▶ _WORK TO COMPLETE_
Starting with the line that contains "Herz Armband aus", return every line through the end of the listing below exactly as written. Omit the pictures.

%%

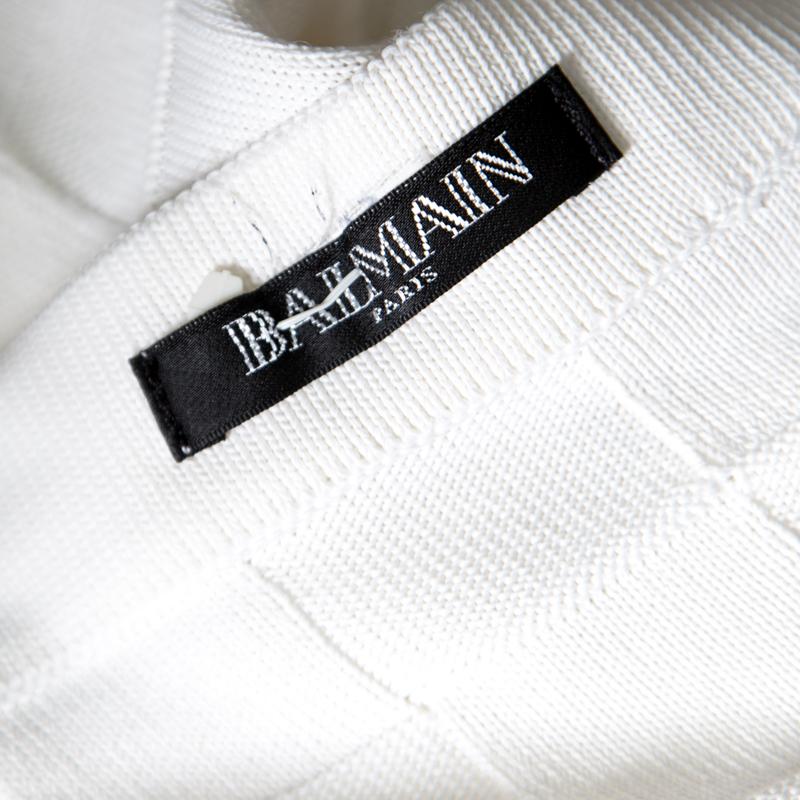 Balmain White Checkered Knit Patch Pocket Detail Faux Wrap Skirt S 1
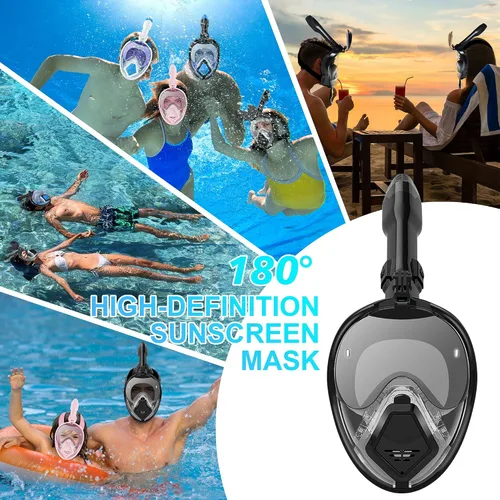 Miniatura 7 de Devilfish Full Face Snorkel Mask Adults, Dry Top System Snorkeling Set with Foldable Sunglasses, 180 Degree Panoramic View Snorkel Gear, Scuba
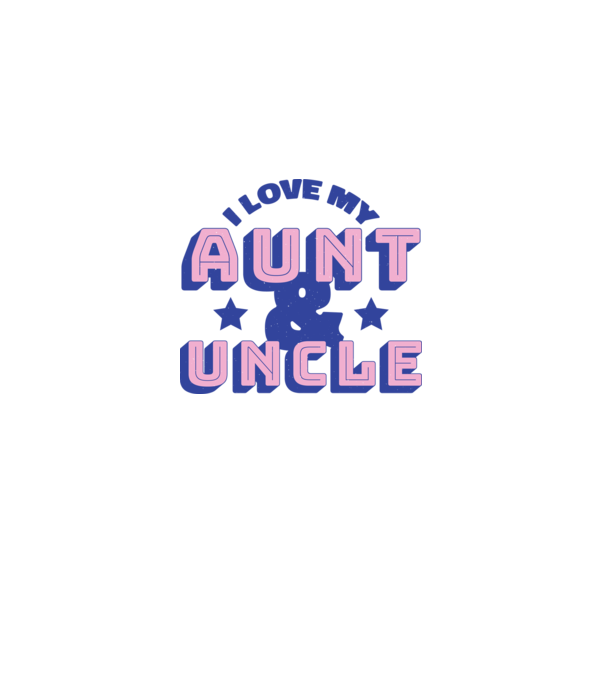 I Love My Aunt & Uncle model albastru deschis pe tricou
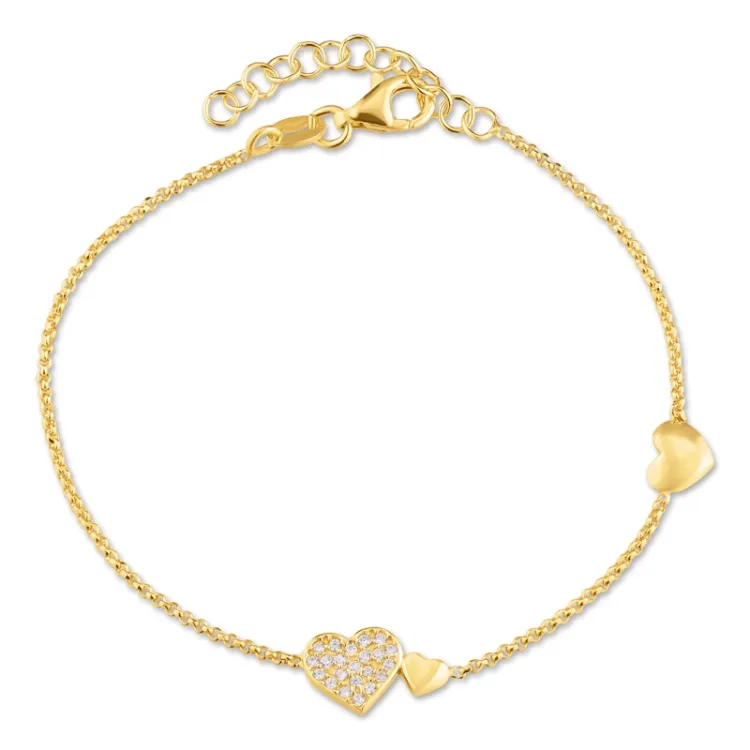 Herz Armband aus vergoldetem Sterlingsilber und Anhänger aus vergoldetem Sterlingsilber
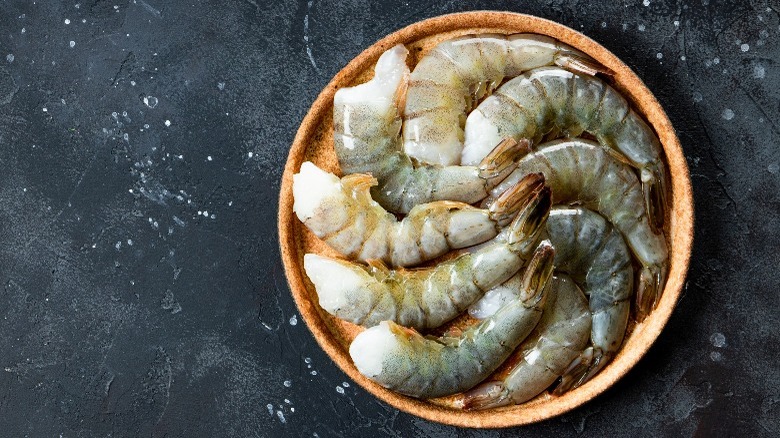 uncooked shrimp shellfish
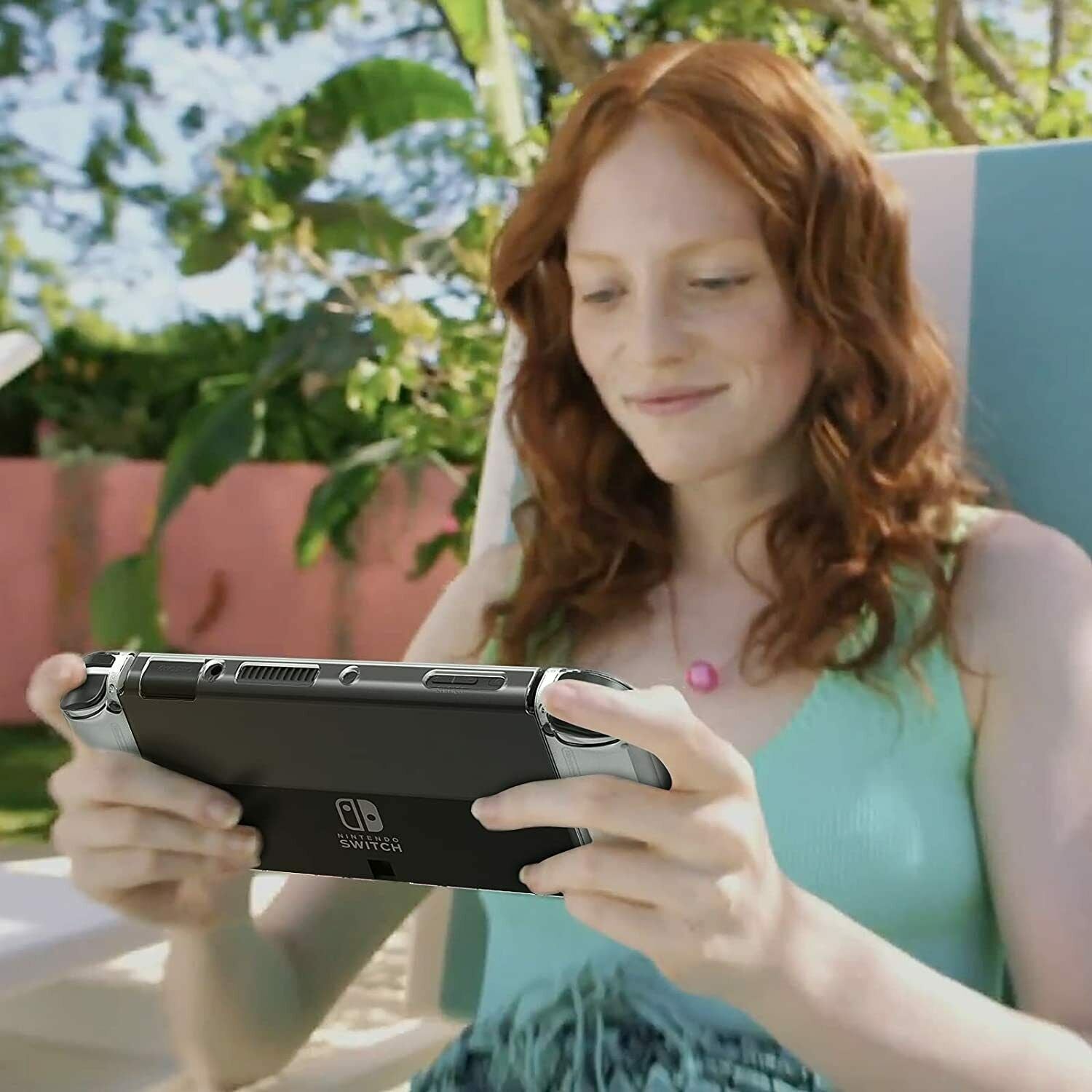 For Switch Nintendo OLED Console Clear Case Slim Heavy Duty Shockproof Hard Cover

%%

▶ _WRITTEN SOLUTION_
 Herz Armband aus vergoldetem Sterlingsilber und Anhänger aus vergoldetem Sterlingsilber
 uncooked shrimp shellfish
 For Switch Nintendo OLED Console Clear Case Slim Heavy Duty Shockproof Hard Cover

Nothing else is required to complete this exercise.